Pero al llegar al local... estaba cerrado.
—¡Mira lo que has
conseguido! ¡Estás haciendo todo lo posible para impedir que tenga mi piercing!
¡Te odio!
¡Encima! ¡Lo que
me quedaba por oír! No podía más, ¡la cabeza me iba a estallar! Lo que debería
haber hecho es cruzarle la cara ahí mismo a ese engreído y regresar a casa, lo
sé. ¡Pero seguiría machacándome hasta el fin de los días!
—¿Eso es lo que
crees? Muy bien. Seguro que hay cientos de esos establecimientos, alguno quedará
abierto.
—Sí —murmuró—,
conozco otro que está por allí, aunque creo que es más caro.
—¡Qué más da! De
perdidos al río, ¡vamos!
“Esto es otra cosa”
me dije, nada más entrar. Era un local amplio y bonito, bien iluminado. Las
paredes estaban decoradas con dibujos típicos de tatuajes. De fondo, sonaba buena
música hard-rock. Me sentí tan aliviada como reconfortada. Las vitrinas mostraban
una gran variedad de piercings. Una mujer, más o menos de mi edad, sonrió y se
nos acercó. Llevaba una bata blanca. Sabía que no era médico, ni enfermera; aun
así, la bata blanca le proporcionaba un toque de profesionalidad que a mí me
transmitió confianza, tranquilidad. Nos informó con eficacia y rapidez. Firmé y
pagué casi con los ojos cerrados, entregando mi DNI con diligencia. Cualquiera
diría que estaba deseando que a mi hijo le taladrasen la lengua. ¿O es que de
verdad lo ansiaba?

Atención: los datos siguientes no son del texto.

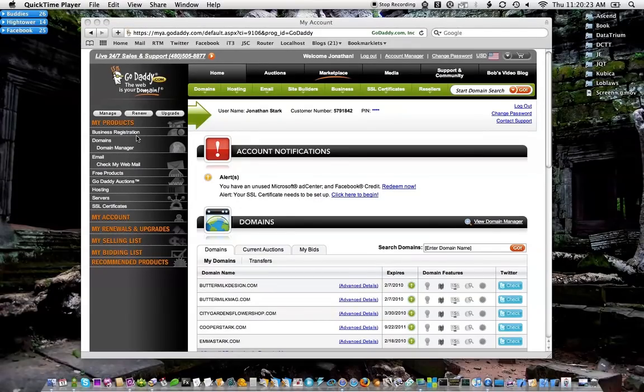Hey, it's Jonathan here. I just wanted to show you how to point your DNS, your domain name, at your IP address.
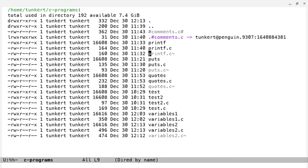Hi, Timothy Unkert here, and in this video, what we're going to do is show you the square root function in C.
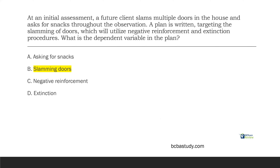Hopefully, based on these questions, you can see how all these ideas and concepts start tying together. Once you can do that, you're getting really close to being really good at the exam. The dependent variable in the plan is going to be our behavior, which is slamming doors.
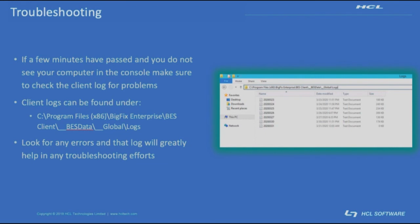If you don't see the client show up in the console, the first place I start looking is in the client log file as described in this slide. It'll show you what the client is doing from startup and registration and usually is a good point to start any troubleshooting.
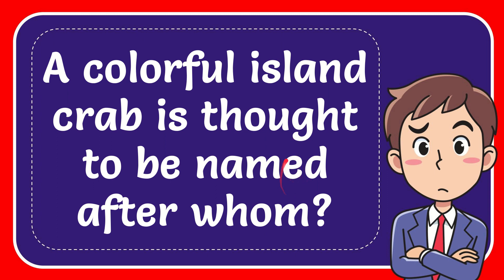In this video, I'm going to give you the answer for this question. The question is: a colorful island crab is thought to be named after whom?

Hum, ¿qué diría Freud?
—Seguidme— ordenó.
Subió una escalera,
con nosotros detrás. Todo presentaba un aspecto impoluto. Entramos en un
pequeño cuarto en el que había una camilla y le pidió al chico que se tumbara;
eso me gustó. Me quedé en la entrada, apoyada en el quicio de la puerta,
observando desde una distancia prudencial. Ella se puso unos guantes de latex,
colocó el piercing elegido en una bandejita y lo roció con alcohol. Acto seguido
echó mano de una especie de aguja larga de plástico, perfectamente empaquetada
en su higiénico envoltorio. La extrajo y procedió.
—Sentirás
un leve pinchazo —informó—; te dolerá. La barra que voy a ponerte es larga y
algo molesta, pero debes llevarla durante un mes. Se te hinchará la lengua, te
supurará, escupirás espumarajos verdes, los primeros días no hablarás bien…
pero tranquilo; todo eso es normal —¡Madre mía! Su sinceridad resultaba abrumadora. ¿Cómo era
posible que mi hijo, tan aprensivo como es, no se levantara y saliera por
piernas?—. Durante unas dos semanas solo podrás ingerir comida triturada y
líquidos. Usa un enjuague bucal sin alcohol tres veces al día. En algunos casos
ocurre que la bola del extremo del piercing se desprende y… ten cuidado, no te
la vayas a tragar. ¿Está claro? ¿Lo has entendido todo? —Chris hizo un gesto
afirmativo y contundente con la cabeza. Qué fuerte. Impresionante. Si no lo
llego a ver, no me lo creo—. Muy bien, vamos allá —continuó la mujer de la bata
blanca. Yo permanecía muda y expectante—. Abre la boca y saca la lengua —le
sujetó la lengua, la marcó con un rotulador, se la perforó con la aguja y
sustituyó la misma por la barra del piercing en un santiamén, con una habilidad
prodigiosa—. ¡Ya está! —exclamó, satisfecha. A mí los ojos casi se me salieron de
sus órbitas. ¿Ya estaba? —Si tienes cualquier problema, ven lo antes posible.
Si no, nos vemos dentro de un mes. ¿Ok?
Le di mil veces
las gracias, no salía de mi asombro, ¡qué fácil!
—¡Do be ha dolido dada de dada, babá!
–balbuceó Chris, camino del metro–. ¡Anda, di
do buedo hablad!
“¡Vive Dios! ¡No
puede hablar!” Era un milagro maravilloso.
Se quedó callado
el resto de la noche y pasó los siguientes días practicando el voto de
silencio. Además, se ocupó él mismo de preparar sus cremas, batidos y purés,
¡faltaría más! No hablaba a la hora del desayuno; ni a la hora de la comida; ni
a la hora de la merienda; ni a la hora de la cena.
Qué paz; qué
sosiego; qué calidad de vida. ¡Bendito piercing! ¿Por qué no le di permiso
antes?
¡Gracias, Bill
Kaulitz!
Moraleja:
Si no puedes con el enemigo, únete a él. O lo que es casi lo mismo:
si no logras impedir que tu hijo se ponga un piercing, por más que tú
aborrezcas la idea, al menos asegúrate de que lo haga en un lugar que reúna las
mínimas garantías legales, higiénicas y de seguridad. Por cierto, Chris sigue
llevando ese piercing, siete años después —y otros más, en distintas partes de su cuerpo—, y jamás le ha creado problemas de salud ni de ningún tipo.